TF2JAX

TF2JAX is an experimental library for converting TensorFlow functions/graphs
to JAX functions.
Specifically, it aims to transform a tf.function, e.g.
@tf.function
def tf_fn(x):
return tf.sin(tf.cos(x))
to a python function equivalent to the following JAX code.
def jax_fn(x):
return jnp.sin(jnp.cos(x))
Users are able to apply additional JAX transforms (e.g. jit, grad, vmap,
make_jaxpr, etc.) to the converted function as they would any other code
written in JAX.
[TOC]
Installation
You can install the latest released version of TF2JAX from PyPI via:
pip install tf2jax
or you can install the latest development version from GitHub:
pip install git+https://github.com/google-deepmind/tf2jax.git
Motivations
TF2JAX enables existing TensorFlow functions and models (including
SavedModel and
TensorFlow Hub) to be reused
and/or fine-tuned within JAX codebases. The conversion process is transparent
to the users, which is useful for debugging and introspection.
This also provide a pathway for JAX users to integrate JAX functions serialized
via jax2tf.convert, back into their existing JAX codebases.
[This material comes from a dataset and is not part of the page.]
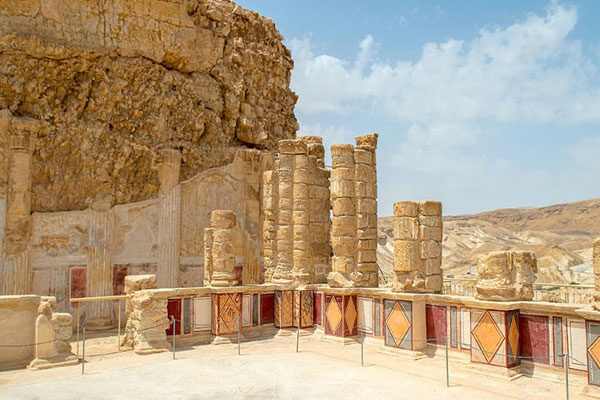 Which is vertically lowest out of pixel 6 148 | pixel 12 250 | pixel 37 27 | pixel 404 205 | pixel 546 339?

See section at the end for comparison with an alternative
approach provided by jax2tf.call_tf.
Disclaimer
This is experimental code with potentially unstable API, and there are no
guarantees for using it at this point in time. We highly recommend you
thoroughly test the resulting JAX functions to ensure they meet your
requirements.
Quick start
The rest of this document assumes the following imports:
import jax
import jax.numpy as jnp
import numpy as np
import tensorflow as tf
import tf2jax
An example using the convert API and the Sonnet v2 MLP.
import sonnet.v2 as snt
model = snt.nets.MLP((64, 10,))
@tf.function
def forward(x):
return model(x)
x = np.random.normal(size=(128, 16)).astype(np.float32)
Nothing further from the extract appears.